58 Dispatches · 5 Desks · 68 Topics · 3 Series

Unofficial Azure Club

“IaaS, PaaS, Cloud Native, Kubernetes, Everything is possible in this website :)”



Cloud Native C10

Kubernetes Cloud Native Monitoring with TICK & Prometheus - Up and Running

Kubernetes Cloud Native Monitoring with TICK & Prometheus - Up and Running

Note (May 2026): This article uses Helm v2-style commands and older Helm stable charts, including the historical stable/prometheus-operator chart. Modern clusters typically use Helm v3, kube-prometheus-stack, updated Fluent Bit/Prometheus/Grafana charts, and newer CRD/API versions. Treat the architecture ideas as reference and update the installation commands before applying them today.

0 Introduction

This post does not intend to introduce Prometheus or InfluxDB. It serves as a reference for building a monitoring/logging system in Kubernetes with open-source software. The monitoring/logging/alerting system consists of four open-source software components. Refer to the diagram below. K8SMon-Arch

  1. Fluent Bit is used for log collection. Fluent Bit is deployed as a Kubernetes DaemonSet to all Kubernetes nodes. It collects container logs and enriches them with metadata from the Kubernetes API.
  2. InfluxDB is used to store collected/enriched logs from Fluent Bit.
  3. Prometheus is used for monitoring. It pulls metrics from service monitoring targets and stores metrics in its own time-series database.
  4. Grafana is used for metrics analytics and visualization. It serves as a dashboard system.

1 Prerequisites

The whole deployment requires Helm, charts, and a few customized configuration files.
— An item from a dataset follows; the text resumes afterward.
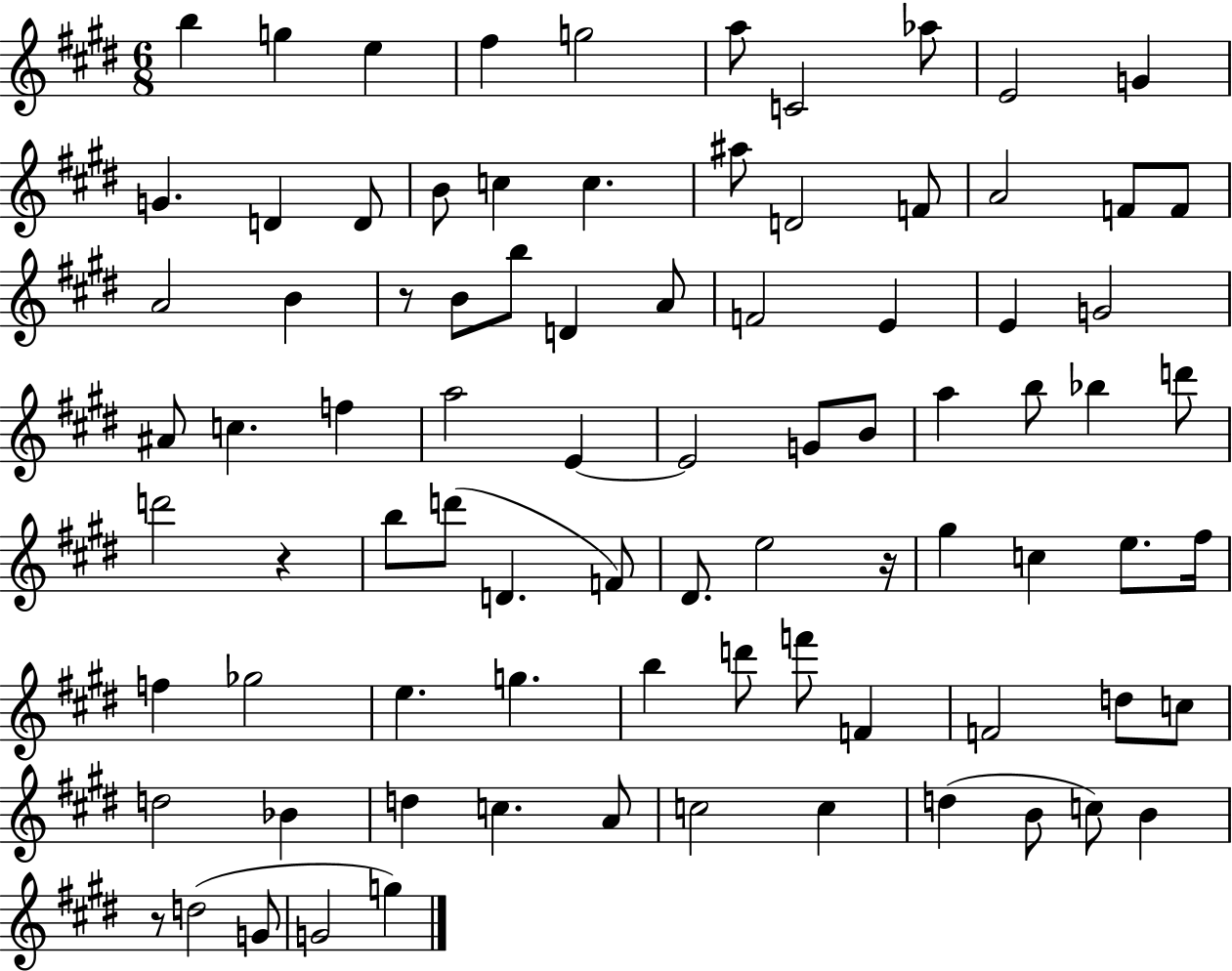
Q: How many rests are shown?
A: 4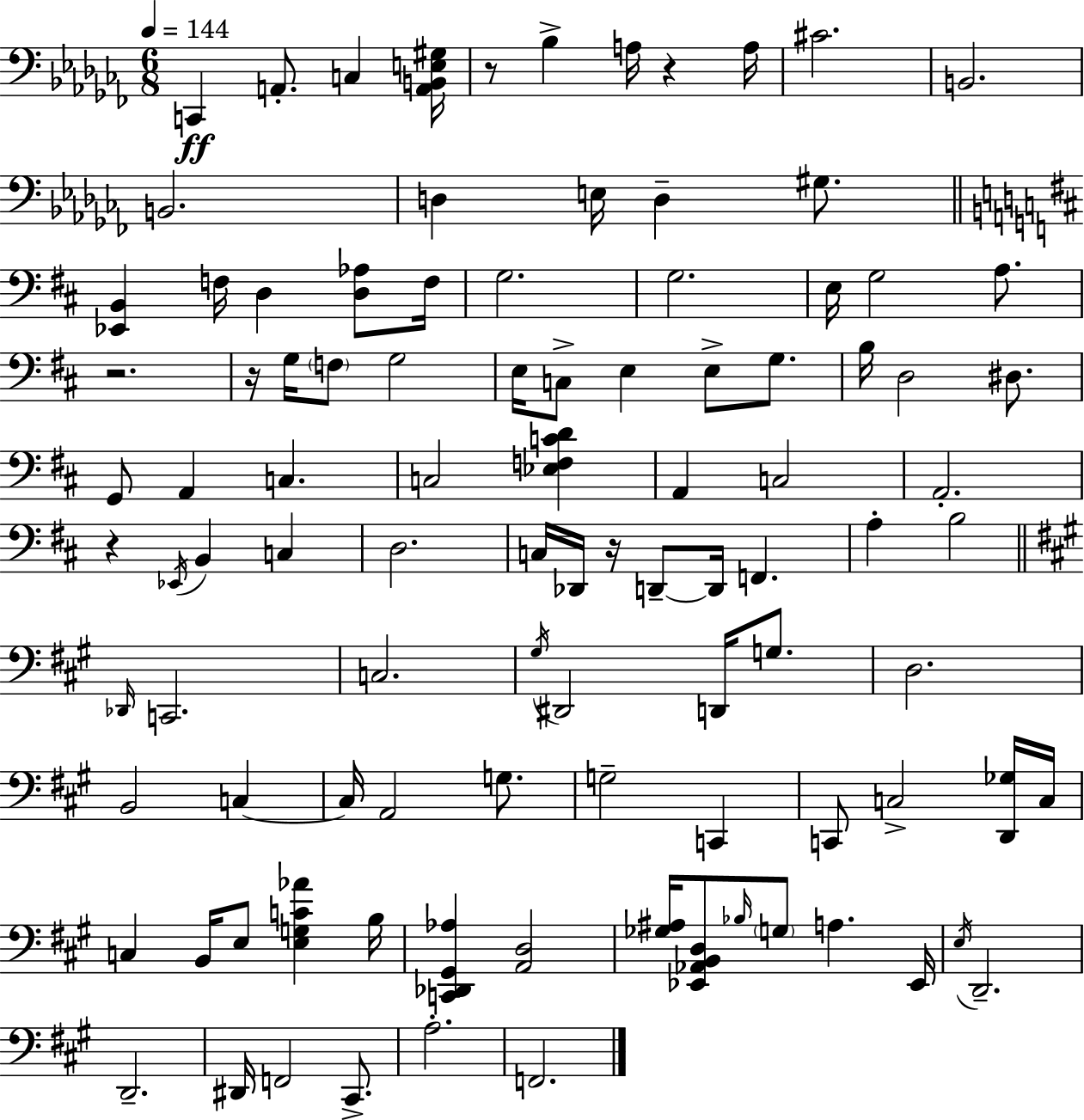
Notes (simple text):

C2/q A2/e. C3/q [A2,B2,E3,G#3]/s R/e Bb3/q A3/s R/q A3/s C#4/h. B2/h. B2/h. D3/q E3/s D3/q G#3/e. [Eb2,B2]/q F3/s D3/q [D3,Ab3]/e F3/s G3/h. G3/h. E3/s G3/h A3/e. R/h. R/s G3/s F3/e G3/h E3/s C3/e E3/q E3/e G3/e. B3/s D3/h D#3/e. G2/e A2/q C3/q. C3/h [Eb3,F3,C4,D4]/q A2/q C3/h A2/h. R/q Eb2/s B2/q C3/q D3/h. C3/s Db2/s R/s D2/e D2/s F2/q. A3/q B3/h Db2/s C2/h. C3/h. G#3/s D#2/h D2/s G3/e. D3/h. B2/h C3/q C3/s A2/h G3/e. G3/h C2/q C2/e C3/h [D2,Gb3]/s C3/s C3/q B2/s E3/e [E3,G3,C4,Ab4]/q B3/s [C2,Db2,G#2,Ab3]/q [A2,D3]/h [Gb3,A#3]/s [Eb2,Ab2,B2,D3]/e Bb3/s G3/e A3/q. Eb2/s E3/s D2/h. D2/h. D#2/s F2/h C#2/e. A3/h. F2/h.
Follow the steps below to download them in advance.

1.1 Helm

Refer to Install applications with Helm in Azure Kubernetes Service (AKS) to install Helm.

1.2 TICK Charts

Clone TICK charts from the repository below.

git clone https://github.com/influxdata/tick-charts.git

TICK stands for

  • T - Telegraf
  • I - InfluxDB
  • C - Chronograf
  • K - Kapacitor

1.3 Monitoring Configuration Files

Download the Kubernetes monitoring configuration files from the repository below.

git clone https://github.com/huangyingting/k8smon.git

2 Install/Configure TICK Stack & Fluentbit for Logging

2.1 Install TICK Stack

From command prompt/shell, change directory to tick-charts(cloned from section 1.2)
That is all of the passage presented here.